A caveat: In his “awkward” attempt to reach a mass audience, said Alexander Cuadros in The Boston Globe, Chaon too often introduces plot twists that are “hard to swallow.”
5. Jeff in Venice, Death in Varanasi
by Geoff Dyer
(Pantheon, $24)
Geoff Dyer’s latest novel is as “unclassifiable” as it is “unforgettable,” said Penny Allen in the Portland Sunday Oregonian. Split into two seemingly unrelated stories, it first follows a jaded journalist named Jeff to the Venice Biennale as he fights off boredom with Bellinis, cocaine, and a brief, lusty romance with a beautiful woman. That story done, the novel then becomes the chronicle of an unnamed journalist’s sojourn to the holiest of India’s holy cities.
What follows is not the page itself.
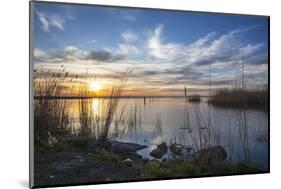 Sunrise at the Lake Neusiedl at Purbach, Burgenland, Austria, Europe-Gerhard Wild-Mounted Photographic Print
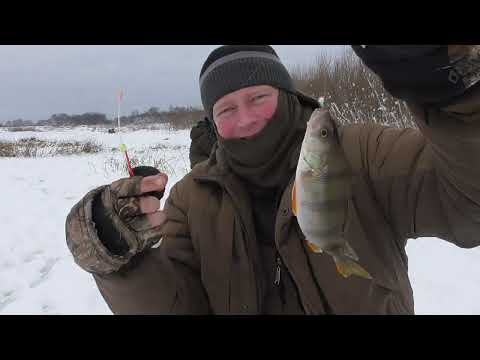 Видео: Зимняя рыбалка у острова на Чепце.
Dyer is a brilliant observer, capable of “writing wonderfully about anything, or nothing at all,” and gradually the reader intuits that the book’s two halves actually tell the same story “cosmologically transformed.” In both his fiction and nonfiction, Dyer “delights in producing books that are unique,” said James Wood in The New Yorker. Once again, he’s created a volume that will always belong to a genre of one.
A caveat: Because it suggests that happy endings are not possible, Dyer’s virtuosic novel feels “stony at the heart,” said Jan Morris in the London Guardian.
How the books were chosen
Rankings are based on end-of-year recommendations published by The Atlantic Monthly, Bloomberg.com, the Chicago Tribune, The Christian Science Monitor, The Economist, The Kansas City Star, the Los Angeles Times, The New York Times, The New Yorker, The Philadelphia Inquirer, Publishers Weekly, Salon.com, Slate.com, Time, and The Washington Post.